Supplied records Block Start
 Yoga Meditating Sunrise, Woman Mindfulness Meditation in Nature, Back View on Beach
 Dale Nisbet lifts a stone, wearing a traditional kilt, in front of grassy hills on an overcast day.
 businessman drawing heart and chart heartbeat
Supplied records Block End
Supplied records Block Start
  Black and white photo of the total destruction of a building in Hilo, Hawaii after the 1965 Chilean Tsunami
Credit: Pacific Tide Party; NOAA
Supplied records Block End
◆ **Work task**: Out of the data above, transcribe exactly and only the lines starting with the line that has "Black and white" and going on through the line that has "Credit: Pacific Tide Party; NOAA", both included.

◆ **Written answer**:
  Black and white photo of the total destruction of a building in Hilo, Hawaii after the 1965 Chilean Tsunami
Credit: Pacific Tide Party; NOAA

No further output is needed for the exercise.